The drink is pre-batched and kept at 167 degrees in a sous vide water bath. “That is the temperature that a good hot drink should be served at,” Muldoon says. “You can drink it and it doesn’t burn your lips, but it’s nice and hot.” Now you know. Here, more warming cocktails from across the country.
Wo Hing General Store; San Francisco
Wo Hing uses hot beer for its Rum N’ Oats cocktail. When heated, the oatmeal stout becomes a malty base for a complex, bitter drink combining aged Pampero rum, Carpano Antica, cinnamon syrup and chocolate mole bitters. It’s served in a mug and topped with fresh whipped cream and cinnamon.

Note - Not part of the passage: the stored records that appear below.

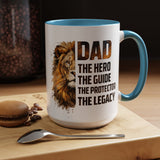 Dad Appreciation Coffee Mug, Dad The Hero The Guide The Protector Mug, Lion Dad Gift, Father's Day Coffee Cup, Gift for Dad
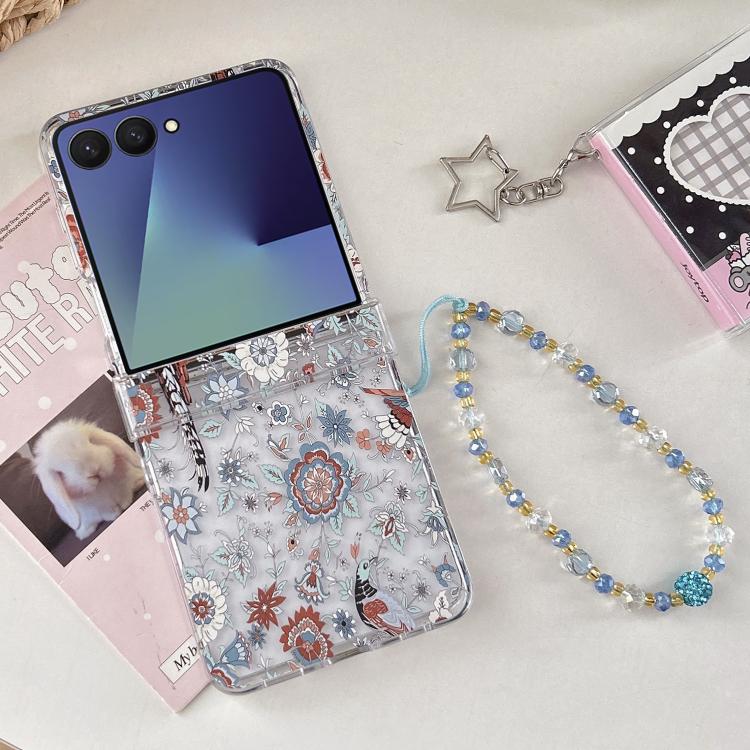 For Samsung Galaxy Z Flip7 5G Green Blue Flowers Pattern Phone Case with Bracelet
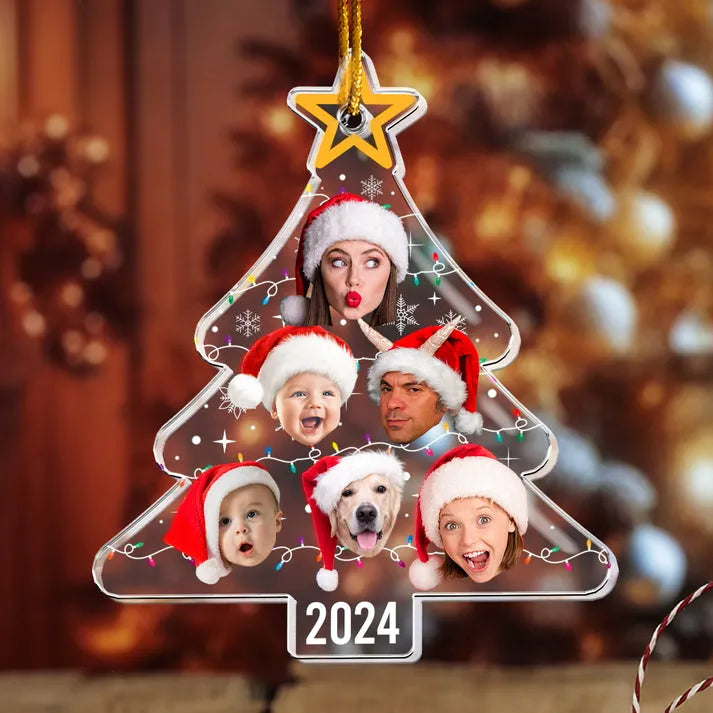 Custom Photo Christmas Tree With Led Light Funny Family custom shaped acrylic ornament, alternate view 4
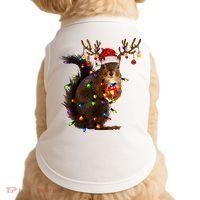 Funny Christmas Squirrel Lights Reindeer Christmas Costume Doggie Tank thumb 0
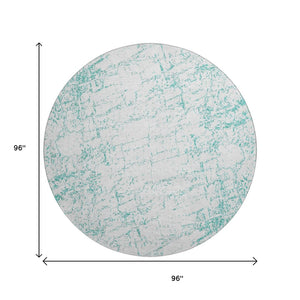 HomeRoots 8' Teal And Ivory Abstract Washable Round Rug - UV Protected, Durable, Stylish for Modern Homes 651085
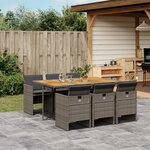 vidaXL Ensemble à manger de jardin et coussins 7 Pièces gris rotin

Dutch Kills; Long Island City, New York
Sasha Petraske’s outer borough cocktail den serves the Bear Trap cocktail, which recalls, but probably tastes a lot better than Harry Potter’s butter beer. Bartenders mix a house compound butter spiced with cinnamon, nutmeg, almond meal, orange zest and cloves in a mug with bourbon, honey and fresh apple cider, then steam it and garnish the rich drink with fresh apple.
A celebrated beer bar, Libertine also serves a small menu of cocktails that toe the line between familiar and adventurous. For a lighter take on one of his favorite winter drinks—Irish coffee with port—beverage director Máté Hartai created the Dublin Via Chamberly. He mixes Irish whiskey with hot coffee, brown sugar and cinnamon-infused Dolin Rouge vermouth, which adds a port-like depth without making the drink too heavy.
This modern Asian lounge’s Falling Tears cocktail—a sweet-and-savory take on a hot toddy—arrives in a dainty, painted porcelain mug. But the comforting drink, concocted with earthy Job’s Tears tea (made from a grain-bearing plant called Job’s Tears) and pear honey, is stronger than it appears, dosed with coconutty Plantation rum and Atlantico rum, a high-proof spirit with dark molasses flavors.